IoT 3 mins read

Finding – and adding to – the value of IoT data

Everything in the Internet of Things ecosystem has value; from motors, lifts and smart buildings, each possesses layers of data.

Nigel Harley Nigel Harley

Everything in the Internet of Things ecosystem has value; from motors, lifts and smart buildings, each possesses layers of data.

This data has increasing value when looking at the business from an end-to-end IoT perspective. It is the same in manufacturing, farming and almost any “smart” applications/solutions.

For example, a motor manufacturer can get its value from IoT sensors as the motor functions – this enables the manufacturer to understand how the motor performs in real-life situations. Analytics and insights can establish when the motor is going to fail and provide predictive data for maintenance and replacement. The insight can also help the manufacturer to design the next generation motors.

Now imagine the same motor installed into a lift.
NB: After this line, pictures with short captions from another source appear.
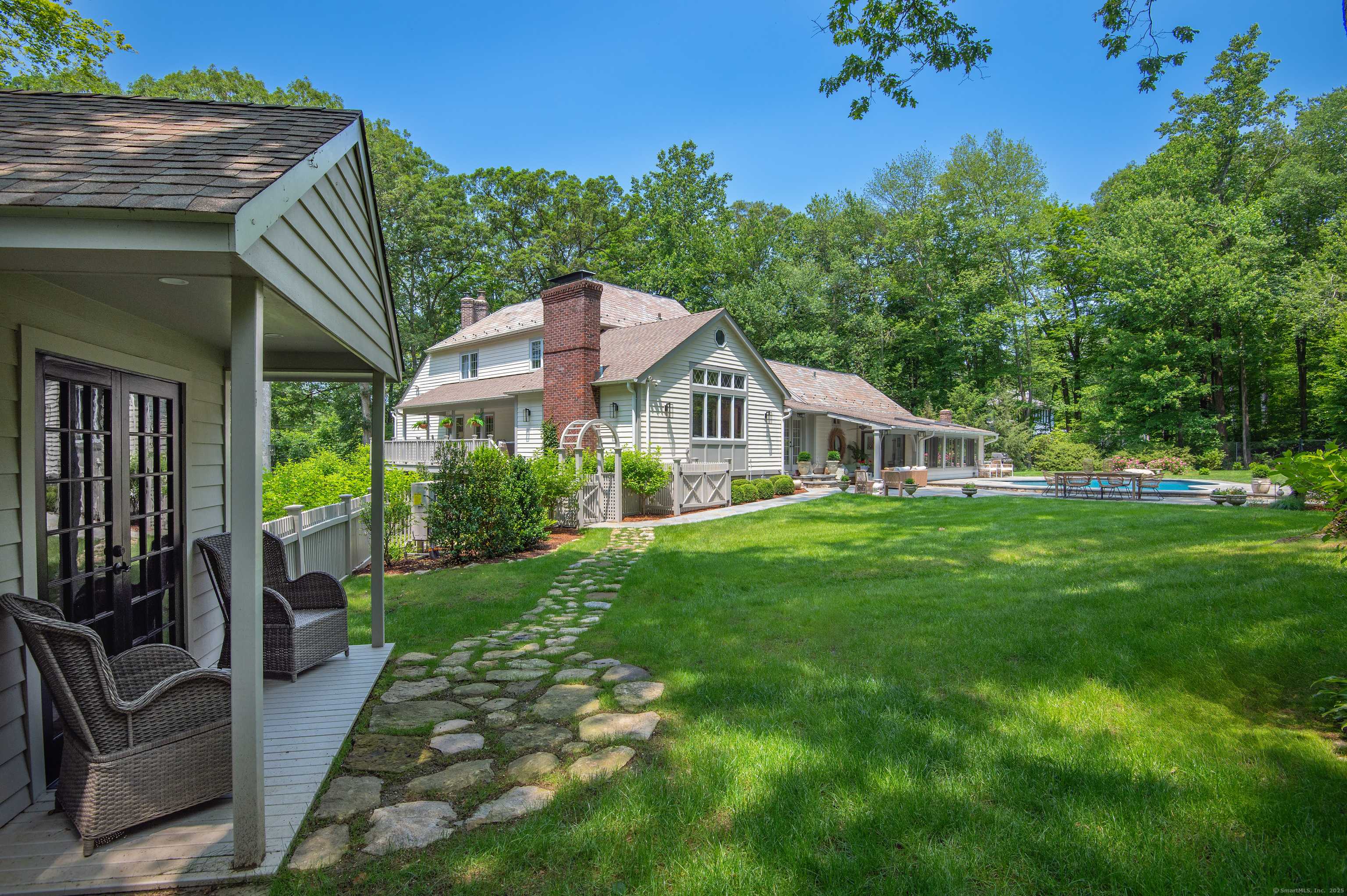 Wilton, CT 06897,107 New Canaan Road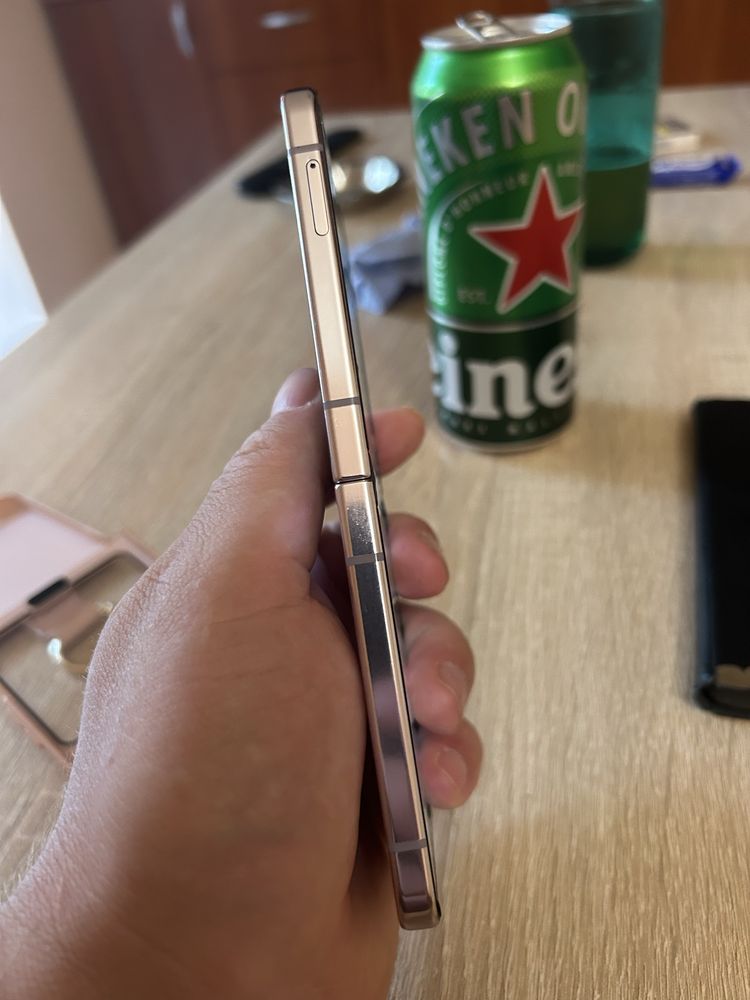 Samsung Galaxy z flip5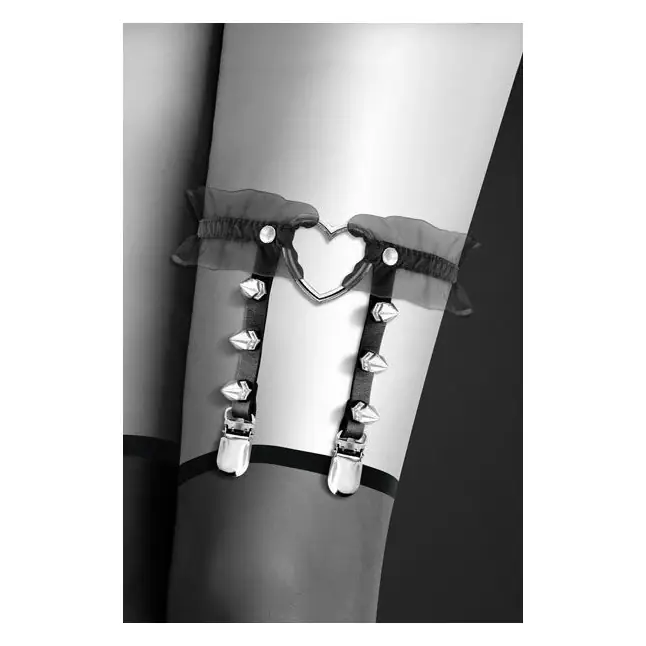 Подвязка с сердцем и шипами GARTER WITH HEART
Performance data can be exchanged from the motor manufacturer to the lift manufacturer. The data has value because it can provide the lift manufacturer additional information – combined with its own IoT sensors about reliability and availability of its lift services. The lift manufacturer can provide additional services such as maintenance contracts to the user.

In a smart building the lift manufacturer is able to provide performance data to the building’s management system. Then various lifts can be provisioned to service higher demand. For example, at the start of the day the lifts are mostly on the ground floor, and the end of the day on the floors that contain the most staff. Using maintenance data, the building owner or facilities management company can factor in preventative maintenance schedules.

Adding business value with IoT data

Additional data can also flow back down the IoT ecosystem… the smart building can provide performance data to the lift manufacturer. The lift manufacturer can provide usage and load demand data to the motor manufacturer.

Analytics can provide additional insights into the layers of data – i.e. at peak times when the lifts are in most use, the torque and loads put certain stresses on the motors. The lift manufacture can learn optimum parameters for floor allocation and energy usage to provide an efficient system. The building management system can combine all the data to provide financial savings to the building’s running costs and minimize disruptions.

Taking the building data into a smart city, using data across buildings could provide context from people flow, emissions and even energy consumption. Looking at a building’s performance, for example, could provide context as to how a building influences people’s well-being or productivity.

As the IoT ecosystems evolve, future collaboration will be more important than niche solutions that aim to own the end-to-end data. Data combined with multiple sources will open the real fire-power of IoT through analytics. The power of an ecosystem is the flow of data in such a way that each layer adds value. All parts of the IoT ecosystem benefit from monetizing the layers of data. And the business value comes from the insights gleaned from the bigger pool of data.

I hope this helps to explain how to realize the value of IoT data.